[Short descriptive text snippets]
══════════

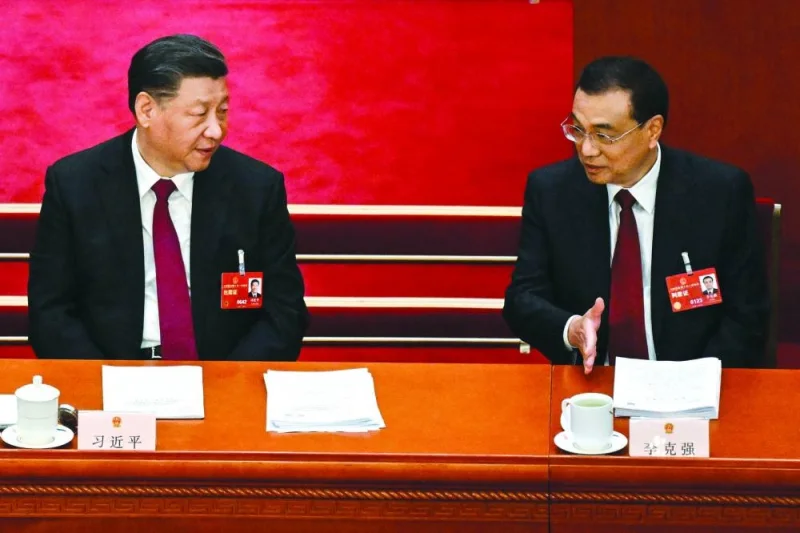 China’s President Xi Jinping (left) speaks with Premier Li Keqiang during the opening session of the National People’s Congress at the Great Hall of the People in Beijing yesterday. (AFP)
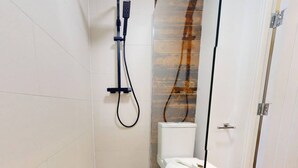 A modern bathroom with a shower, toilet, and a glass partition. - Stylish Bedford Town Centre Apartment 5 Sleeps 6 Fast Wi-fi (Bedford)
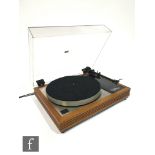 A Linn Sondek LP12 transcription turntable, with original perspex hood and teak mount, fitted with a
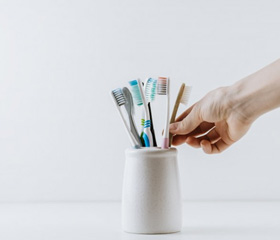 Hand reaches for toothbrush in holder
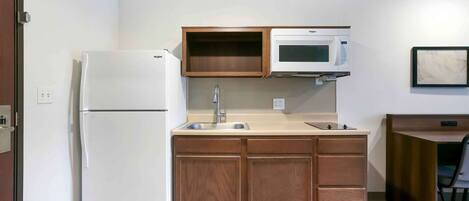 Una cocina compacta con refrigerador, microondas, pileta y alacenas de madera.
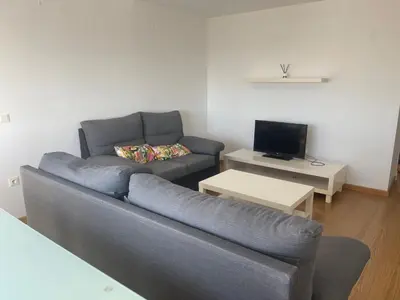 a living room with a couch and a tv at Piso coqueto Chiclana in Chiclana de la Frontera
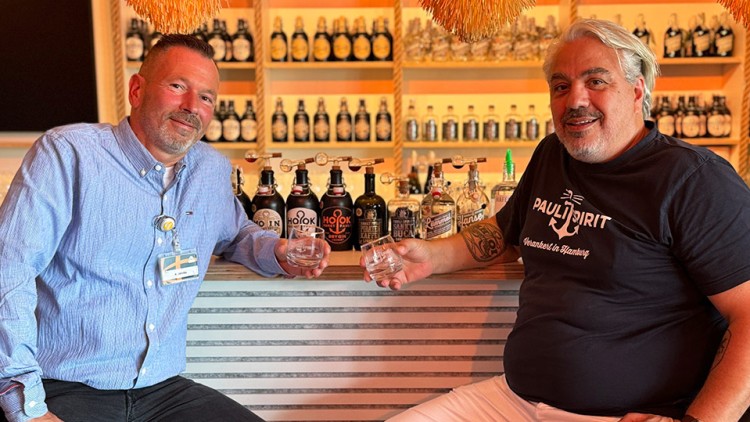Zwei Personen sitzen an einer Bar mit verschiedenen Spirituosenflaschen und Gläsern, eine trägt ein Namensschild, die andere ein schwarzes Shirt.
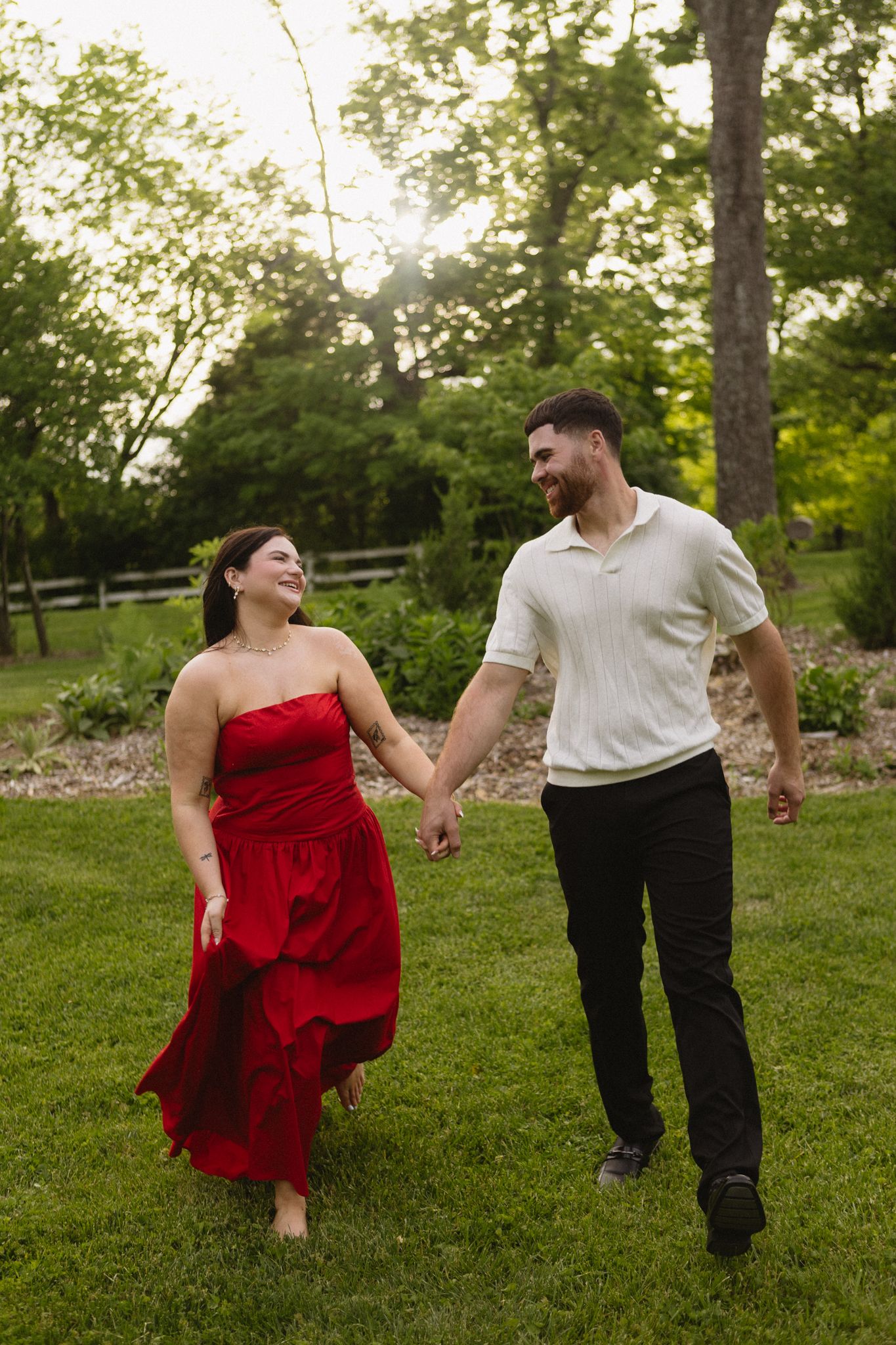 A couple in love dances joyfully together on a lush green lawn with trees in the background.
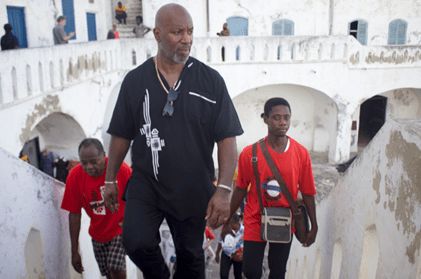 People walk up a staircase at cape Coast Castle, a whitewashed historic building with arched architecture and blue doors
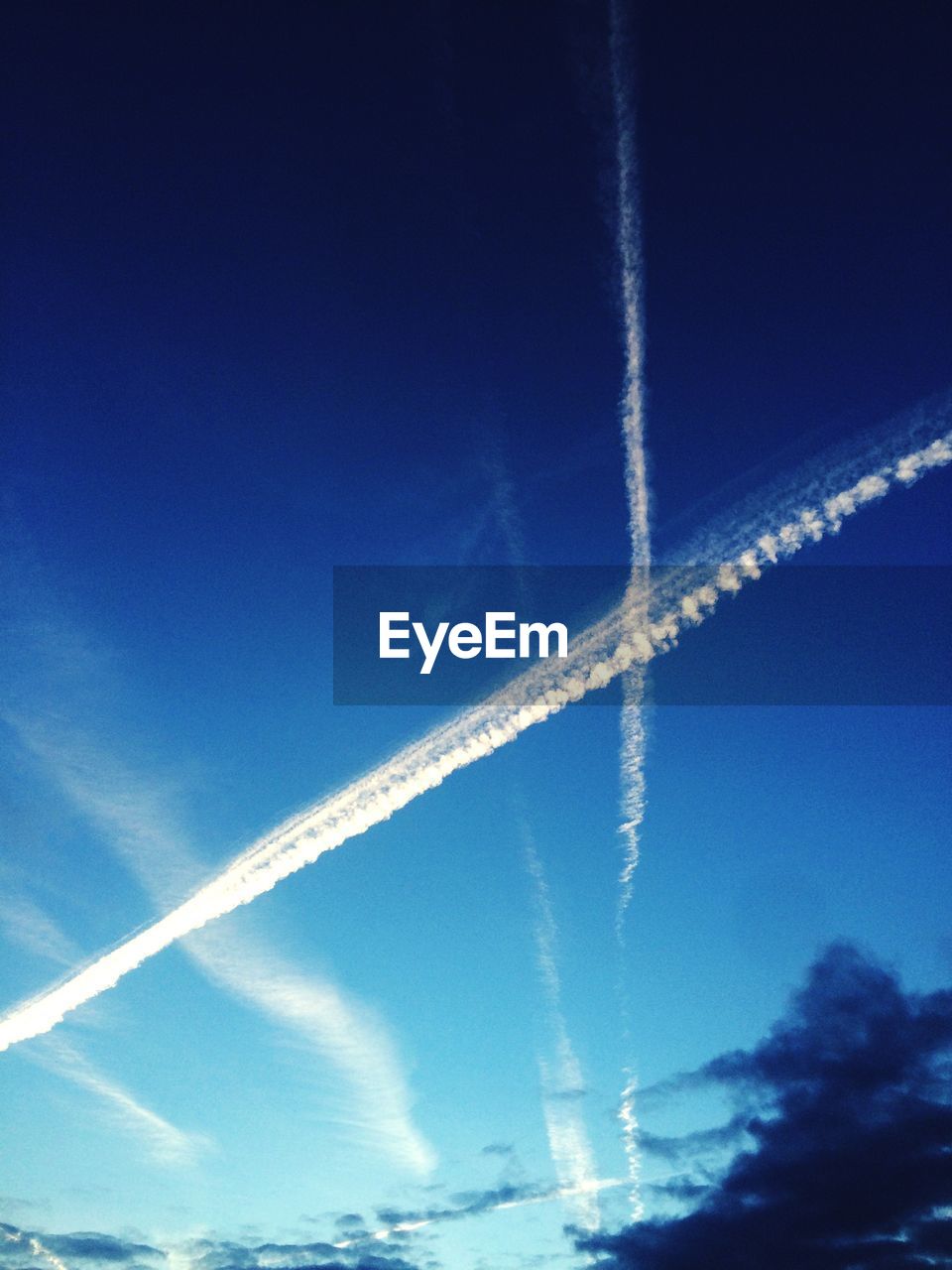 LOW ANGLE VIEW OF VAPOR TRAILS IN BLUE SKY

══════════

_WORK TO BE COMPLETED_:
Your answer should hold only the lines from the line with "People walk up" through the closing line of the records, restated exactly and free of pictures.

_TASK OUTPUT_:
 People walk up a staircase at cape Coast Castle, a whitewashed historic building with arched architecture and blue doors
 LOW ANGLE VIEW OF VAPOR TRAILS IN BLUE SKY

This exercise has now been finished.